When the “p” value in this reponse is set to 1 then the app responds by uploading its logged bluetooth/location data to the server (we identified this functionality by inspection of the source code and confirmed its operation by intercepting the response and setting p to 1). The “full_upload” value is used in the decompiled apk but not in the published source code.

Next it sends requests to https://fp.swaraksha.gov.in/api/v1/openapi/approval/ and then to https://web.swaraksha.gov.in/ncv19?locale=en. The response to the latter request is HTML, and the app then proceeds to download the associated HTML resources from using 62 separate requests for images, fonts, CSS and javascript – in this way the bulk of the app UI appears to be dynamically loaded. These requests do not carry any identifiers. The app also makes connections to https://webapi.swaraksha.gov.in/ncv19/nearby-stats/, https://fp.swaraksha.gov.in/api/v1/openapi/userpref/, https://webapi.swaraksha.gov.in/ncv19/did-state, https://webapi.swaraksha.gov.in/ncv19/show-policy/ which send the auth_token value. Importantly, the connection to https://webapi.swaraksha.gov.in/ncv19/nearby-stats/ sends the device GPS location to the server (see below). That is, upon launch of the app the user’s location is automatically shared with the central server. No dialogue or popup is raised notifying the user of this or asking for their consent. Finally the app calls https://app-measurement.com/a to share telemetry with Google Analytics.

7.5.2 Data sent when sitting idle at main screen

When left idle, in our tests we observed no further connections by the app. However, interaction with the UI does generate network connections. In particular, navigating to the ‘Your Status” page prompts a call to https://webapi.swaraksha.gov.in/ncv19/nearby-stats, for example:

figure m

Here the “lat” and “lon” header values are the device location, specified to high accuracy (they correctly locate the house where the handset is located). The response appears to be various statistics on infections in the vicinity (given by the “dist” header value) of this location. The accuracy of these statistics is unclear.

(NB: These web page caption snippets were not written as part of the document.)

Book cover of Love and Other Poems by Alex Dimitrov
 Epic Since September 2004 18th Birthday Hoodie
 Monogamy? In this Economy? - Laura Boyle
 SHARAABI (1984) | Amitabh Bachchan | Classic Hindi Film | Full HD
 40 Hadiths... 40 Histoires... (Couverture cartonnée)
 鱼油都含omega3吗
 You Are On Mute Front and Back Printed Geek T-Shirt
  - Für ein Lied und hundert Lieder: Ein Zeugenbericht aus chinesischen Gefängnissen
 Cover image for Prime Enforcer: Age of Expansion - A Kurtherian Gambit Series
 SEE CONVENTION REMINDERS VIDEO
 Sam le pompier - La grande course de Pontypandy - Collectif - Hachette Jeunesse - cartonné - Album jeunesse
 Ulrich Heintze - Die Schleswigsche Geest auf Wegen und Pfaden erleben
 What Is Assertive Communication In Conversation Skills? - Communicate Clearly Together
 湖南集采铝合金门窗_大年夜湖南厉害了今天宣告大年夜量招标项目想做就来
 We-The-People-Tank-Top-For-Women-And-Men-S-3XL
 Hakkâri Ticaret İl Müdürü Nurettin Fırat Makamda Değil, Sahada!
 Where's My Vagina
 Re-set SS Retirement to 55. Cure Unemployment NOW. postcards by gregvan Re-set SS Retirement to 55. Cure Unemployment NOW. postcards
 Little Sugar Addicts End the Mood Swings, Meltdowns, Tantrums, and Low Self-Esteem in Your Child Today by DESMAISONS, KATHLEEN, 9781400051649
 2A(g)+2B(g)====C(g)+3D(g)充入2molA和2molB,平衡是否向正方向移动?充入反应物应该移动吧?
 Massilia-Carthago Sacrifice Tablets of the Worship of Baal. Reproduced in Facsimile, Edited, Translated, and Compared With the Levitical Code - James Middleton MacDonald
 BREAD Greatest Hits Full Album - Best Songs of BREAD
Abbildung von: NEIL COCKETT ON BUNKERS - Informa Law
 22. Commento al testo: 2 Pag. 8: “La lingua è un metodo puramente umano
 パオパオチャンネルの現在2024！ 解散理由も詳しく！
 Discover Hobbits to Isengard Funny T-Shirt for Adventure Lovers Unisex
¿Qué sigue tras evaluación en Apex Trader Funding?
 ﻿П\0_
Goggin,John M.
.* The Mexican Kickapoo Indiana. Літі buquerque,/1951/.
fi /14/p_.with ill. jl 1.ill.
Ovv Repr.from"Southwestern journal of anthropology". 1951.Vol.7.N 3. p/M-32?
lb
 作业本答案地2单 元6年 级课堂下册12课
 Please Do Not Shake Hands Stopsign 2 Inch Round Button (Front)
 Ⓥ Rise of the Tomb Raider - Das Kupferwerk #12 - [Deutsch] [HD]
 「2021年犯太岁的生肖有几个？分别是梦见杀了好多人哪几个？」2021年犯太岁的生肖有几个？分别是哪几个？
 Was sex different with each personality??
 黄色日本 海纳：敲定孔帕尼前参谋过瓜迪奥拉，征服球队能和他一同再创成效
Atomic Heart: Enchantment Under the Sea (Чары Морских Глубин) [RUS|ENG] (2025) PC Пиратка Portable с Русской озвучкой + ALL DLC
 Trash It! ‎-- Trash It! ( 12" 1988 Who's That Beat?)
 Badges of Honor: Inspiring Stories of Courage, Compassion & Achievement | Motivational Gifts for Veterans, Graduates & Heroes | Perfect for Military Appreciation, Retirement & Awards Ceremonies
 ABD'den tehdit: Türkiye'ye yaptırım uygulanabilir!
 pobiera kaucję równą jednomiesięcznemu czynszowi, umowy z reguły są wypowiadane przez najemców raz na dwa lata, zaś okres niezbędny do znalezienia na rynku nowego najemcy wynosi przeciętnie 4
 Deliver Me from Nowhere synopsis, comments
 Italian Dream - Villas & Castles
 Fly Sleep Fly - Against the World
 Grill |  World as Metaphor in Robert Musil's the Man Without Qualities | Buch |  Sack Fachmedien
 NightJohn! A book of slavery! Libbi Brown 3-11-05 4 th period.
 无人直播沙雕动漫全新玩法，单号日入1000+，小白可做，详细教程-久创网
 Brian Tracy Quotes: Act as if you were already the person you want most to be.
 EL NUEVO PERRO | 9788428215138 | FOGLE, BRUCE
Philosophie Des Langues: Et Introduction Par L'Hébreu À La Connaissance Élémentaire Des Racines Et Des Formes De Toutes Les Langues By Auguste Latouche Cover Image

They may be obfuscated in some way, we found no documentation on this, but based on our measurements they are not. When we changed the location to be in the ocean the response correctly indicated no people while when the location was set to Bombay Hospital in Mumbai a typical response was "infected":60,"unwell":3,"bluetoothPositive":10530,"success":true,"selfAsses":93,"usersNearBy":46278 and for the parliament in New Dehli "infected":38,"unwell":5,"bluetoothPositive":14301,"success":true,"selfAsses":66,"usersNearBy":33917.

While this request requires an authorization header, it is easy to extract this header from app network connection traces and use this to make requests to https://webapi.swaraksha.gov.in/ncv19/nearby-stats targetting arbitrary locations, raising obvious privacy concerns.

8 Conclusions

We find that TousAntiCovid and CovidSafe are generally well-behaved with regard to privacy. TraceTogether and CombatCovid make extensive use of Google Firebase services which means that that there are two main parties involved in handling data transmitted from these apsp, namely Google and the health authority operating the app itself. HaMagen is well-behaved for uninfected users of the app but GPS location data associated with infectied is publicly published on the HaMagen server. Aarogya Setu is found to have a number of potentially serious privacy issues.